Pertanto, è la facoltà di recuperare con il riposo che si estingue e non il pagamento.

L’art. 47, co. 6 (attualmente vigente) così recita: “In alternativa al pagamento, su richiesta del dipendente, le prestazioni di lavoro straordinario di cui al presente articolo, debitamente autorizzate, possono dare luogo a corrispondente riposo compensativo da fruirsi, compatibilmente con le esigenze organizzative e di servizio, entro il termine massimo di 4 mesi. La disciplina di cui al presente comma si applica ai lavoratori che non abbiano aderito alla banca delle ore”.

Anche l’art. 47 non intacca il pagamento del lavoro straordinario che continua a soggiacere agli artt. 2948 n. 4 e 2935 C.C. (il cui dies a quo decorre dalla cessazione del rapporto di lavoro, come da Corte Cost., 10 giugno 1966 n. 63).

I crediti da lavoro straordinario autorizzato non possono essere cancellati se non per estinzione prescrizionale o rinuncia scritta del dipendente, come stabilito nella Nota dell’Ispettorato Nazionale del Lavoro del 30 settembre 2022 n. 1959 pubblicata a seguito della Cass. Lav., 6 settembre 2022 n. 26246.

In definitiva, l’A.A.D.I. ha contestato la manipolazione interpretativa operata in complicità con le OO.SS. che, all’atto delle richieste osservazioni sulla bozza del Regolamento, nulla hanno eccepito sul furto retributivo operato dall’azienda.


Sul punto si rimane sconcertati nel constatare la gravità di tale operazione realizzata con il supporto dei sindacati che dovrebbero difendere lo stipendio dei lavoratori da illecite aggressioni.

Così operando, l’azienda, ha locupletato sui sacrifici sopportati dai lavoratori, dimostrando disprezzo e scorrettezza rispetto alle energie consumate dai dipendenti a benefico della stessa.


I dipendenti devono essere protetti e non derubati.

Con tale sistema l’azienda ha sottratto il giusto compenso a chi ha svolto il doppio turno ed ha rinunciato al riposo, violando l’art. 36 Cost., senza considerare che ha pure sfruttato la forza lavoro spesa dal personale ingenuo e ignorante in materia e con mala fide ha negato il controrispettivo del sinallagma contrattuale.
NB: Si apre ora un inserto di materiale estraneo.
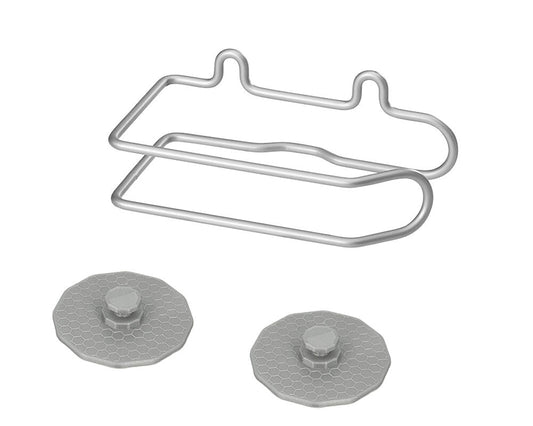 METALTEX Artic Toilettenpapierhalter mit Polytherm Frost Beschichtung / EasyFix / Aufhängung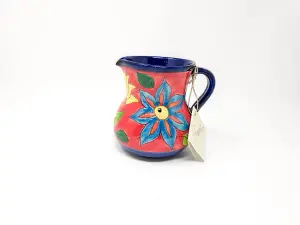 Signature Flowers Hand Painted Ceramic Kitchen Dining Small Pourer Jug 0.5L (H) 12cm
L’A.A.D.I., per ultimo, ha ricordato al direttore generale che tre infermieri iscritti all’A.A.D.I. hanno già vinto un Ricorso per decreto ingiuntivo al fine di vedersi retribuito il lavoro straordinario maturato oltre i 4 mesi e che è in corso la causa in opposizione al decreto ingiuntivo vinto, il quale esito comporterà la denuncia all’ANAC e all’Ispettorato Nazionale del Lavoro nonché al competente Ministero.

L’Ufficio Legale dell’A.A.D.I. sta anche valutando l’ipotesi del reato di appropriazione indebita che, nel rapporto di lavoro, è un reato assistito dalla condizione aggravante per via del metus, anche considerando l’evidente dolo diretto ad appropriarsi della retribuzione maturata legittimamente dei lavoratori (la manipolazione normativa è evidente).


L’A.A.D.I. ha anche chiesto che il Regolamento, nella parte contestata, sia immediatamente modificato; diversamente si procederà anche ai sensi dell’art. 96 C.P.C. per colpa aggravata.

Attendiamo l’esito di questa gravissima vicenda che, statene certi, l’A.A.D.I. non mollerà.